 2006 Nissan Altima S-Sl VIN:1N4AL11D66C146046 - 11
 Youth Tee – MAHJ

________________________________________

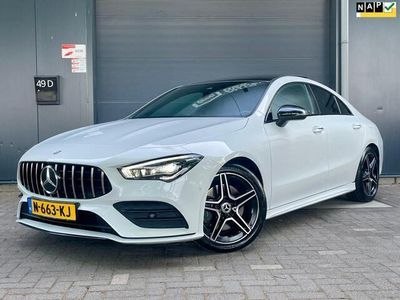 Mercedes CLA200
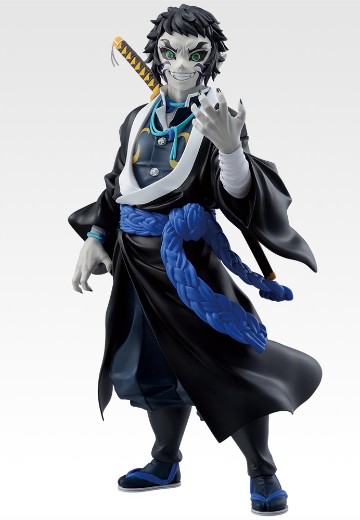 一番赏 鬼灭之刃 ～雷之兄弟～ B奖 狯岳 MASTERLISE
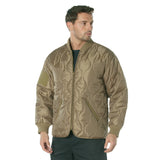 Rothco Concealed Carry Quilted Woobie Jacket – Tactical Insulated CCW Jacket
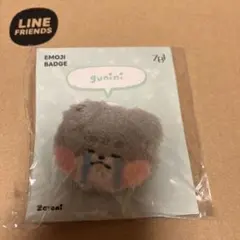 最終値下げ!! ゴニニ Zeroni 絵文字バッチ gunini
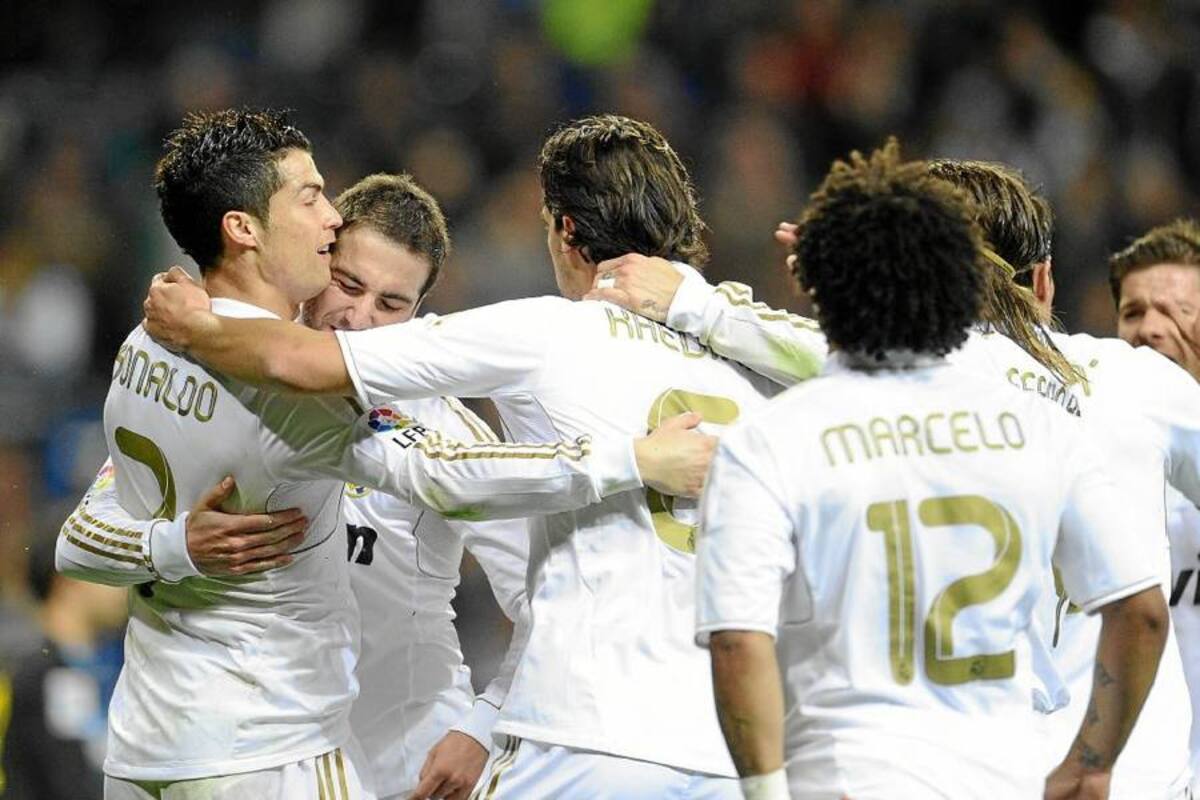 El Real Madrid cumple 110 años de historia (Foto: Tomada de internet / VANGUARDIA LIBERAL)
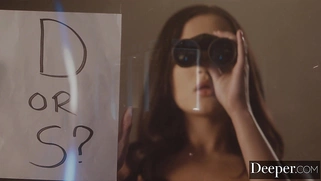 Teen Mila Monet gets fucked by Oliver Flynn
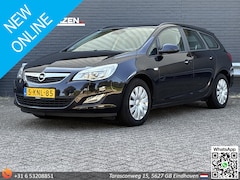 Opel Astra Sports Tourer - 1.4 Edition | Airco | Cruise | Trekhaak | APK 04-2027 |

________________________________________

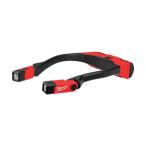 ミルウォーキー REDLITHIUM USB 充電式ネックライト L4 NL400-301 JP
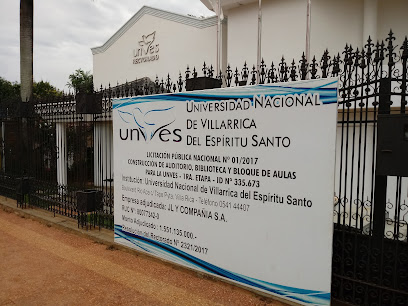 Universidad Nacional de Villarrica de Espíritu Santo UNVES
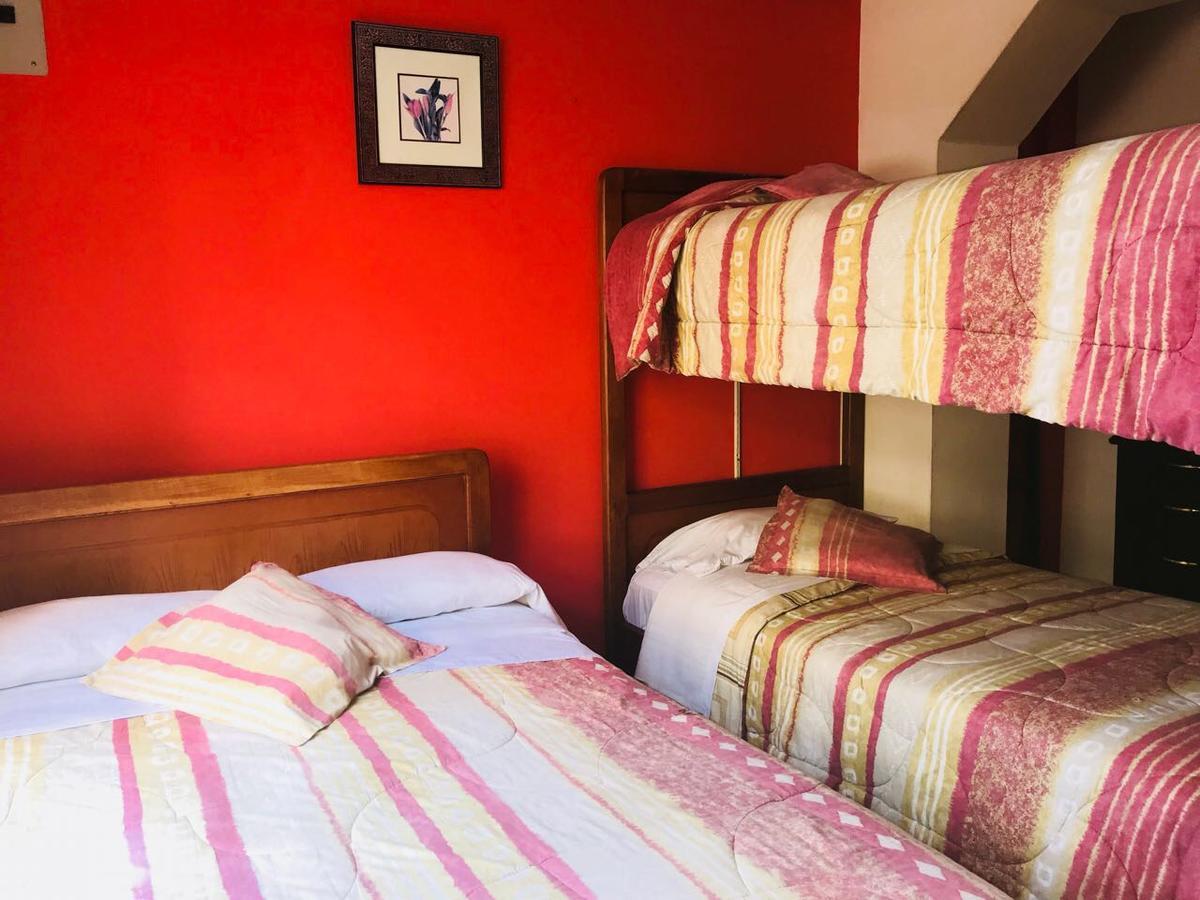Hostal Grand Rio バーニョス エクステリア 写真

________________________________________

_Problem details_
Set down exactly the lines above, from the line containing "Universidad Nacional de" through the line containing "Hostal Grand Rio バーニョス エクステリア 写真". Skip the pictures.

_Answer to this exercise_
 Universidad Nacional de Villarrica de Espíritu Santo UNVES
Hostal Grand Rio バーニョス エクステリア 写真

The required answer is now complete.